* Task requirements: Restate the listing below word for word. No picture belongs in the result.

* Source data:
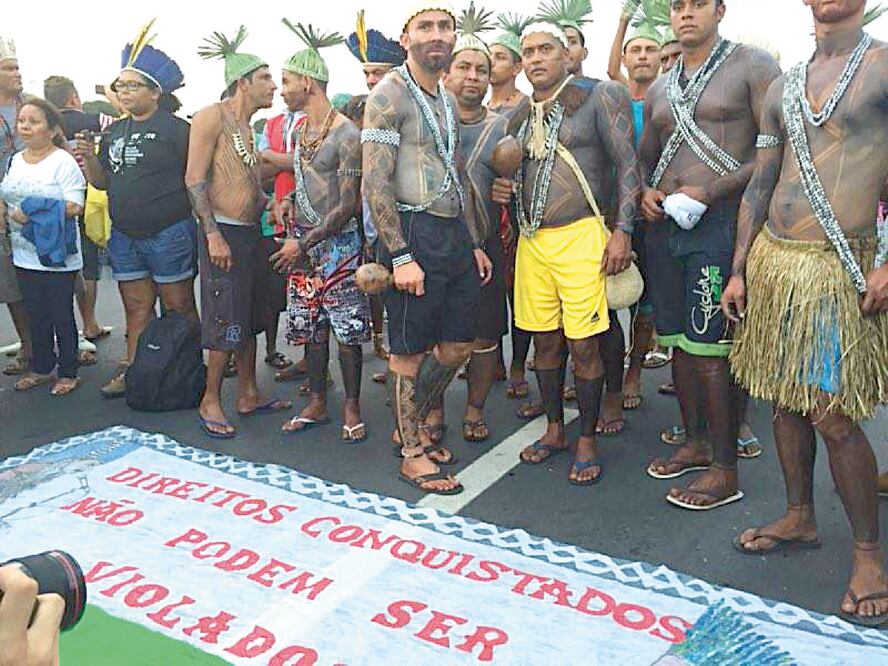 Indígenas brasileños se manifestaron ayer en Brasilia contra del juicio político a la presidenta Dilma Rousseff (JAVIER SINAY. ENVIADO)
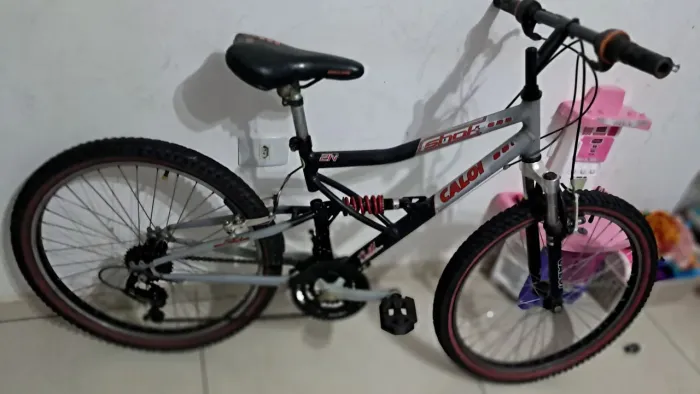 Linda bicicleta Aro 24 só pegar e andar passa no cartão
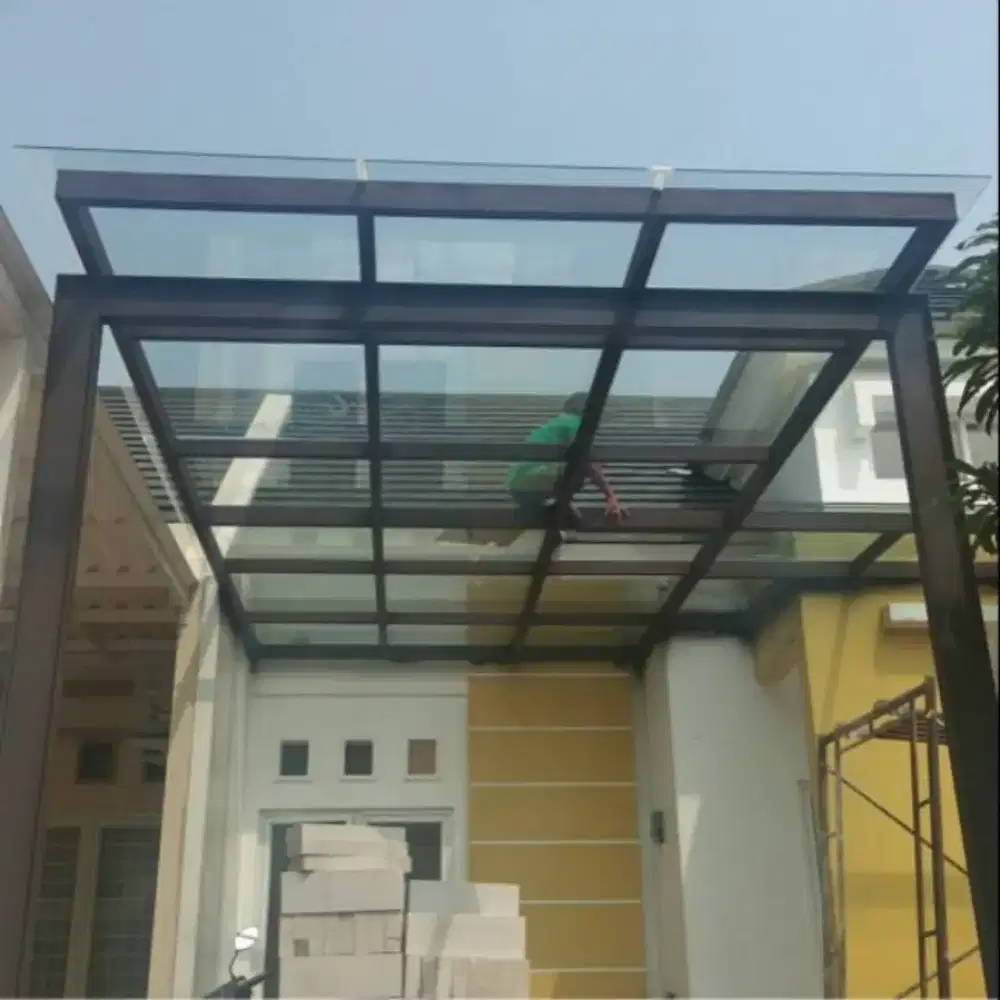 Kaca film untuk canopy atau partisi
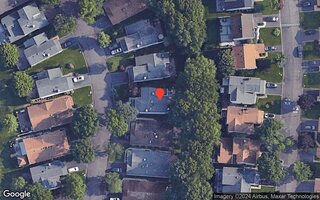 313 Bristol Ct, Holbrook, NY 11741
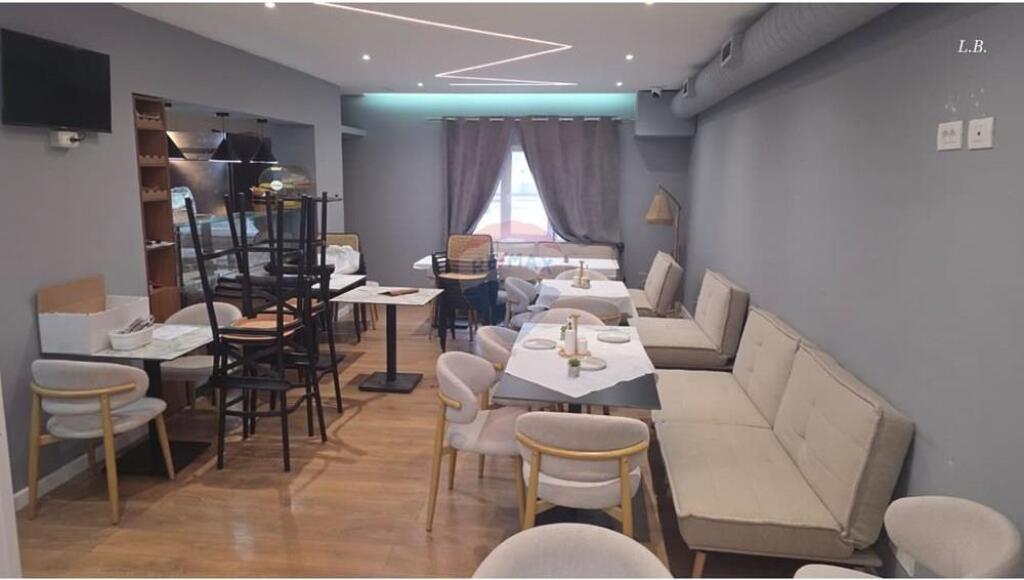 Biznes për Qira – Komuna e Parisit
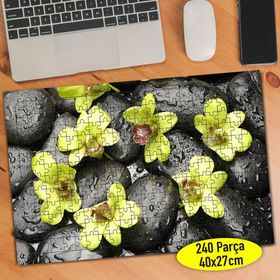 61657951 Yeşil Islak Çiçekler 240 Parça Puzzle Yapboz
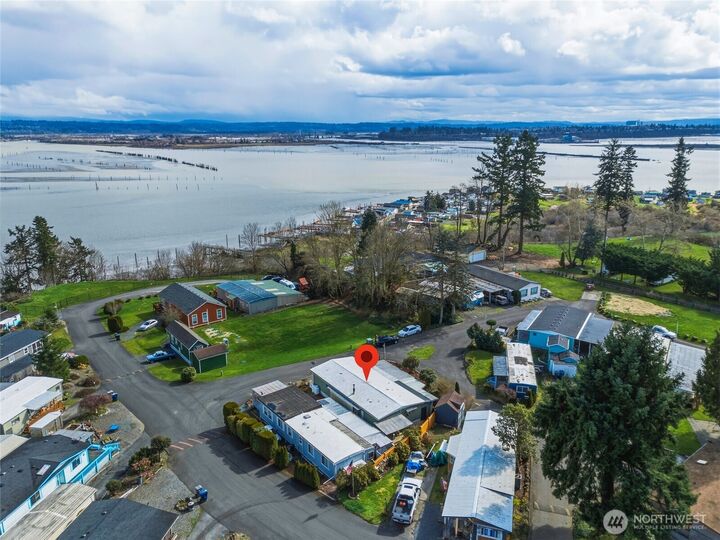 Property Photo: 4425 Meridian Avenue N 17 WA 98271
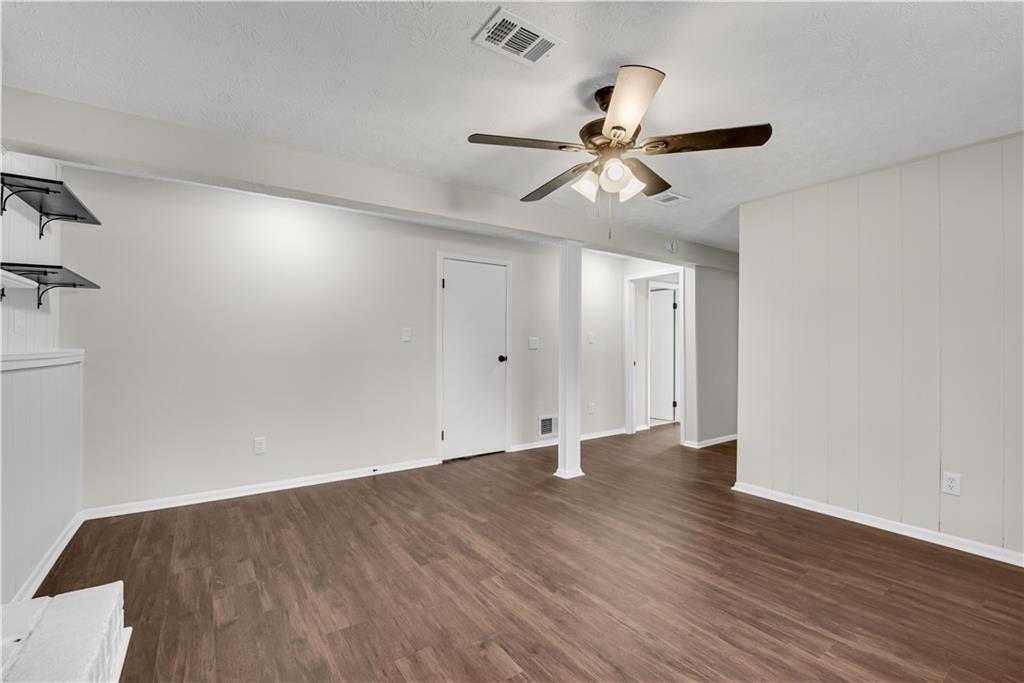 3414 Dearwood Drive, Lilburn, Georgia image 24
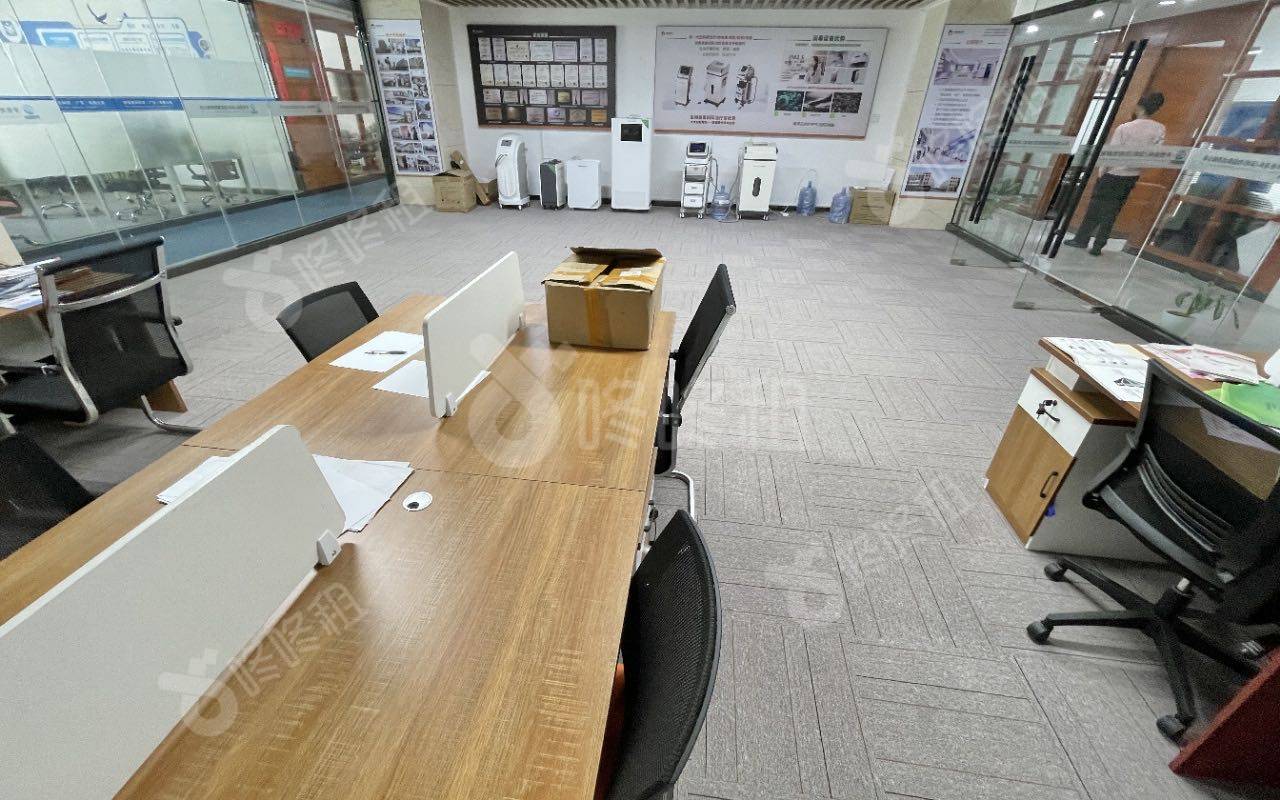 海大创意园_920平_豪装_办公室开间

* Output of the exercise:
 Indígenas brasileños se manifestaron ayer en Brasilia contra del juicio político a la presidenta Dilma Rousseff (JAVIER SINAY. ENVIADO)
 Linda bicicleta Aro 24 só pegar e andar passa no cartão
 Kaca film untuk canopy atau partisi
 313 Bristol Ct, Holbrook, NY 11741
 Biznes për Qira – Komuna e Parisit
 61657951 Yeşil Islak Çiçekler 240 Parça Puzzle Yapboz
 Property Photo: 4425 Meridian Avenue N 17 WA 98271
 3414 Dearwood Drive, Lilburn, Georgia image 24
 海大创意园_920平_豪装_办公室开间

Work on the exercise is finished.